Assignment: Where a line in the entries below contains the word "Apartamento", count it. Return the total alone.

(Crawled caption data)
========================================
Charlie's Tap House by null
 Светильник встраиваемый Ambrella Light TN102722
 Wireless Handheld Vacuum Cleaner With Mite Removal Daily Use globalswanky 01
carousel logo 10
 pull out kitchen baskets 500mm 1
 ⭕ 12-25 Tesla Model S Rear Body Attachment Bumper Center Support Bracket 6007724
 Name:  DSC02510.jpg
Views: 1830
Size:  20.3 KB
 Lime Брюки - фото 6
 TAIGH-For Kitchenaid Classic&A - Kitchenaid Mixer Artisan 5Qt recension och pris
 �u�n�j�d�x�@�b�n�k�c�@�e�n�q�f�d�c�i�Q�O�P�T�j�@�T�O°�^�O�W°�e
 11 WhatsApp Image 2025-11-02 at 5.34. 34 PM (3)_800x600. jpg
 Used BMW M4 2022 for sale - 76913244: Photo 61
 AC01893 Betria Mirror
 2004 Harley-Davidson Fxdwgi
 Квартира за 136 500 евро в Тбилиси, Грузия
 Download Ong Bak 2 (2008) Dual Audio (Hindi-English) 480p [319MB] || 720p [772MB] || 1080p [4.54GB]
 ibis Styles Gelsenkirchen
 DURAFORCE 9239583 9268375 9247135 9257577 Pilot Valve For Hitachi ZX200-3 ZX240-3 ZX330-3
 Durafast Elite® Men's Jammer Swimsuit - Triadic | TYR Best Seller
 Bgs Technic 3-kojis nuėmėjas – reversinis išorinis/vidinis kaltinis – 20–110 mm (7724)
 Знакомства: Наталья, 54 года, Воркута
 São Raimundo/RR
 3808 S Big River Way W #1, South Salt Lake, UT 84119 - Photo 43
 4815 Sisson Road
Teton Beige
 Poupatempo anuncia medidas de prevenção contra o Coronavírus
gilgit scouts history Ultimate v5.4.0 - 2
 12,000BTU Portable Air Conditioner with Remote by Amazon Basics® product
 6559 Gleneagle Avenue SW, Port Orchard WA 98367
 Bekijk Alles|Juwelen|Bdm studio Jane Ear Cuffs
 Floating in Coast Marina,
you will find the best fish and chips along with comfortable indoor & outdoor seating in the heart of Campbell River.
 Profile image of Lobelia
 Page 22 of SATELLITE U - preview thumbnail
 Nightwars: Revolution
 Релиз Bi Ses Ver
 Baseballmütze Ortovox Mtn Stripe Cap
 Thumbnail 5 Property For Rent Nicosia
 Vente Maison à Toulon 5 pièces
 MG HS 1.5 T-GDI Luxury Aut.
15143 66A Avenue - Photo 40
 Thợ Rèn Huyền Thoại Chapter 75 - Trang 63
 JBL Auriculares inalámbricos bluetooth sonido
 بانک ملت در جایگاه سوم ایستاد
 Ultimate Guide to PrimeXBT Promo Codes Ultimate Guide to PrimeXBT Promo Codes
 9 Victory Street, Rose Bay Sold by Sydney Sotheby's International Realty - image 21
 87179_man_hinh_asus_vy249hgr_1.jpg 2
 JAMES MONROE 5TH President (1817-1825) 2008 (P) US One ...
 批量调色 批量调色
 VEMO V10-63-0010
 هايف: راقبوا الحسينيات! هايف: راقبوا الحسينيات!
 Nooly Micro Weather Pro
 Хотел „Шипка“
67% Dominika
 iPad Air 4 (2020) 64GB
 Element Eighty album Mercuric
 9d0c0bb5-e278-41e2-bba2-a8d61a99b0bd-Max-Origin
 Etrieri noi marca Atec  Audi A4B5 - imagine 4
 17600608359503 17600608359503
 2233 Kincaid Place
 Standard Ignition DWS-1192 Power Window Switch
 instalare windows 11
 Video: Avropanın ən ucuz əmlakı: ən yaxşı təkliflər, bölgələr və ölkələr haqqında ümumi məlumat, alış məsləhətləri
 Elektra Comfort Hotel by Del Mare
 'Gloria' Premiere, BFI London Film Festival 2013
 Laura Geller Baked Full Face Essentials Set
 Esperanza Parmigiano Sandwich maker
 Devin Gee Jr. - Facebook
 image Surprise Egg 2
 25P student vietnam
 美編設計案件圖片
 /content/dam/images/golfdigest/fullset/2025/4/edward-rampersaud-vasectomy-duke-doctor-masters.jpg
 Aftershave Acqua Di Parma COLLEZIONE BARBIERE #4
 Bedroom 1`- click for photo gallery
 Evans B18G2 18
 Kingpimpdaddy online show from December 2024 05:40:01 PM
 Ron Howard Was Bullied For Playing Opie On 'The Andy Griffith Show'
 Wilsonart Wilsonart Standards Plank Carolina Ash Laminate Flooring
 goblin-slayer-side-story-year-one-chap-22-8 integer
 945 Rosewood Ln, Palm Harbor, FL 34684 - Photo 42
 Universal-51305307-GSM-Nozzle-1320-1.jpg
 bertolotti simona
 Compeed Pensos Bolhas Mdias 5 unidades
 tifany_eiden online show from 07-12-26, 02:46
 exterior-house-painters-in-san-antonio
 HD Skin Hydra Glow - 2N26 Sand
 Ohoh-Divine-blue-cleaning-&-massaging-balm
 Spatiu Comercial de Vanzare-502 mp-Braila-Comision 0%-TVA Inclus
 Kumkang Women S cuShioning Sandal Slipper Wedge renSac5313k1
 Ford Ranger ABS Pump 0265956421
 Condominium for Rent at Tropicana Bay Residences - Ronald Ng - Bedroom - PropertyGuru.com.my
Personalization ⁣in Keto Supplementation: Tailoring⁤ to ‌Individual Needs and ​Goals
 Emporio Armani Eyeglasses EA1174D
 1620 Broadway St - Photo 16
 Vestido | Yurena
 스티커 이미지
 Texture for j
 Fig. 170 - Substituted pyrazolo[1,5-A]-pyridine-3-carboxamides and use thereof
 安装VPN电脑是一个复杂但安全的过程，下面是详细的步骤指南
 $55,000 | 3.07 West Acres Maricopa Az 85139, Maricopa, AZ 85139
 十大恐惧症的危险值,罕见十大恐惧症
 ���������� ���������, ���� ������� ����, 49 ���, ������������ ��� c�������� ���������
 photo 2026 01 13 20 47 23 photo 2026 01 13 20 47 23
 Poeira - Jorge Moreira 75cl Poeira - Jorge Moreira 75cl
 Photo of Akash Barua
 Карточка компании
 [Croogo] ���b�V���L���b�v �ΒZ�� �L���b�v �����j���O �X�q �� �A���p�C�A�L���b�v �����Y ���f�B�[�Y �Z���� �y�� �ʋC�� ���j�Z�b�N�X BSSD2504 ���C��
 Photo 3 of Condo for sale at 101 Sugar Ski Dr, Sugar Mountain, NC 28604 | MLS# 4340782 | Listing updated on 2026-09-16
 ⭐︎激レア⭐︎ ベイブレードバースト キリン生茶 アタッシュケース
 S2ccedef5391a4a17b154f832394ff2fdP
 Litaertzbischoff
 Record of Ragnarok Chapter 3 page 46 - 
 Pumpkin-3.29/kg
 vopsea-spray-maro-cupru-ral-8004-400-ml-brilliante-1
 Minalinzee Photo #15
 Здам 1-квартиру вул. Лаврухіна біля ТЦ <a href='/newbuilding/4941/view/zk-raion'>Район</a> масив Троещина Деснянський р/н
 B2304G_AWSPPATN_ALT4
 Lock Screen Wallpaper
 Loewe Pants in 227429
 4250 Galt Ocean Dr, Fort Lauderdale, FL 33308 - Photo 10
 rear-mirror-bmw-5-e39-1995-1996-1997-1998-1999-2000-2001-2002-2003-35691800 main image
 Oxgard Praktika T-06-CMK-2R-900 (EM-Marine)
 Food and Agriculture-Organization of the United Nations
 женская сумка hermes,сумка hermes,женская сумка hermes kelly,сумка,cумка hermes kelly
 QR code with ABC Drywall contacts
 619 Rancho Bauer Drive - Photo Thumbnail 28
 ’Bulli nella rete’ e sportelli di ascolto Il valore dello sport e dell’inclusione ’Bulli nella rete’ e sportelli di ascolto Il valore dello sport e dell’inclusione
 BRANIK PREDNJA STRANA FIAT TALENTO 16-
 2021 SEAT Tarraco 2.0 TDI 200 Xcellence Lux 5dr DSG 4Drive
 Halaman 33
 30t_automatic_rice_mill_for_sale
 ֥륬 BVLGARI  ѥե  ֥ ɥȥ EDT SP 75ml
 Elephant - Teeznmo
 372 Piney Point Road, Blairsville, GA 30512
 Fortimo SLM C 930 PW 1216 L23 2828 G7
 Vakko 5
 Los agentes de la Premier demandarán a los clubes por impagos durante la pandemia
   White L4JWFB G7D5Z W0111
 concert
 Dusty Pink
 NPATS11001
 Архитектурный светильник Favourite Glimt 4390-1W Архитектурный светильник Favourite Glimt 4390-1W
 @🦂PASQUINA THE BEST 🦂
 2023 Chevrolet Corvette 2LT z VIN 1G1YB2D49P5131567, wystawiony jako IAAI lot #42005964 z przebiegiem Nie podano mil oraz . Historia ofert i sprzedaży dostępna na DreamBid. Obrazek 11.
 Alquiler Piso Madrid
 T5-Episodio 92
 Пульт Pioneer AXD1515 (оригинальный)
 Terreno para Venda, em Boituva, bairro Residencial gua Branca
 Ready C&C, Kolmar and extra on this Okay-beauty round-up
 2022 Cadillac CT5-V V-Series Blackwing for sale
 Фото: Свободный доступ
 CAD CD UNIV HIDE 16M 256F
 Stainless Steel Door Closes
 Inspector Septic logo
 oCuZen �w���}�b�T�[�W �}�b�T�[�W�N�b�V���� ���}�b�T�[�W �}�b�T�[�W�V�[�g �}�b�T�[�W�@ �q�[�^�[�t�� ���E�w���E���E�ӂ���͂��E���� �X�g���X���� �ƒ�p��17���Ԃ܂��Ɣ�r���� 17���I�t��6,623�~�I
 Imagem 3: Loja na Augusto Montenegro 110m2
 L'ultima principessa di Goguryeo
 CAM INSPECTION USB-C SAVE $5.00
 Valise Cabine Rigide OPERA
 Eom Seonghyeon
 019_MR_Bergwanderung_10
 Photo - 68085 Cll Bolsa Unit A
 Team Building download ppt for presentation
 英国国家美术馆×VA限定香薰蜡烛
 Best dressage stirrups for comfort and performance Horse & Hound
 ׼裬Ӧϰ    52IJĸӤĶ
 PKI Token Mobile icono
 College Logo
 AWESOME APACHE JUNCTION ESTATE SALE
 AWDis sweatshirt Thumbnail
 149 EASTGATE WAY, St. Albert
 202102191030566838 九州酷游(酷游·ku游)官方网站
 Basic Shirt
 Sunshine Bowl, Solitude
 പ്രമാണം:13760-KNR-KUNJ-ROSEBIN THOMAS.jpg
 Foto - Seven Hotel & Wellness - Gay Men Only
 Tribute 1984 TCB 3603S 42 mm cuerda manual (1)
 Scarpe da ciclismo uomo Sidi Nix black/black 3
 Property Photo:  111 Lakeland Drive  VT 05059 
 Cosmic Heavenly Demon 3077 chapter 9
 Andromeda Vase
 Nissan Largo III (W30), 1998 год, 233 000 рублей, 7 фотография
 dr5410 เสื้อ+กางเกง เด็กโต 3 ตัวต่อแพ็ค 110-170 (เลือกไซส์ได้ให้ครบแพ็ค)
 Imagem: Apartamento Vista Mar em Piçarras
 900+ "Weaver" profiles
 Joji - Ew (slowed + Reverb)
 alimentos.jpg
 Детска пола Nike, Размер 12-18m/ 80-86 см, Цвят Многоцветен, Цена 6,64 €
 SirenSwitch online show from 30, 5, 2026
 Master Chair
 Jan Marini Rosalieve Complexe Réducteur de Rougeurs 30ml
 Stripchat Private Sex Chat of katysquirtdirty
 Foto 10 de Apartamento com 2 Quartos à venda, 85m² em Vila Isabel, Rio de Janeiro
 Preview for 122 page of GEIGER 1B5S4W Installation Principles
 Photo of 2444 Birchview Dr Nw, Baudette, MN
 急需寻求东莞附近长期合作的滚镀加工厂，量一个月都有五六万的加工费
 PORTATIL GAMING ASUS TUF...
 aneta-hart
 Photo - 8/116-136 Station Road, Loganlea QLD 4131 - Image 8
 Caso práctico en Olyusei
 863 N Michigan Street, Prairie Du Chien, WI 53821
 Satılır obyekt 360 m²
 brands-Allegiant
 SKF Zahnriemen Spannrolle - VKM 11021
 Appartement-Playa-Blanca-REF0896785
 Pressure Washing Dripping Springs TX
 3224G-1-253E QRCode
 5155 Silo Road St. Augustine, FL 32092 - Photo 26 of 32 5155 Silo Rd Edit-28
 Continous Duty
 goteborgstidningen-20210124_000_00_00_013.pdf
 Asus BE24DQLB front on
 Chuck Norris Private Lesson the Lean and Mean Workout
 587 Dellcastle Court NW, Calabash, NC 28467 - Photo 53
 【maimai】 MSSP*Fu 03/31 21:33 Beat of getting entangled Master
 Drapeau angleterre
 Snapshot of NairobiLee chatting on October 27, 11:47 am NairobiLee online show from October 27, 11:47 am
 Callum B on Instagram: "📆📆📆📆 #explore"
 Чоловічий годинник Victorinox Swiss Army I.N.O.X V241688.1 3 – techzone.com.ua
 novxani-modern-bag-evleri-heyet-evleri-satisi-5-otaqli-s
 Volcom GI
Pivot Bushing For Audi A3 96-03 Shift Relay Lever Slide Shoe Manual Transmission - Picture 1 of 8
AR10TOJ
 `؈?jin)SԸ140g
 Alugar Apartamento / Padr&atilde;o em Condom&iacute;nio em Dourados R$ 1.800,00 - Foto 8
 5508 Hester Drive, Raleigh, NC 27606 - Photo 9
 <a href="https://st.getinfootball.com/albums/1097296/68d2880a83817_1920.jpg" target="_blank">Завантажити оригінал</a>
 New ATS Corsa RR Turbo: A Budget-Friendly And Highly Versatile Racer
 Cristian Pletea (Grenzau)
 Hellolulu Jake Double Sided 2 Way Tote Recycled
========================================
Completed exercise: 3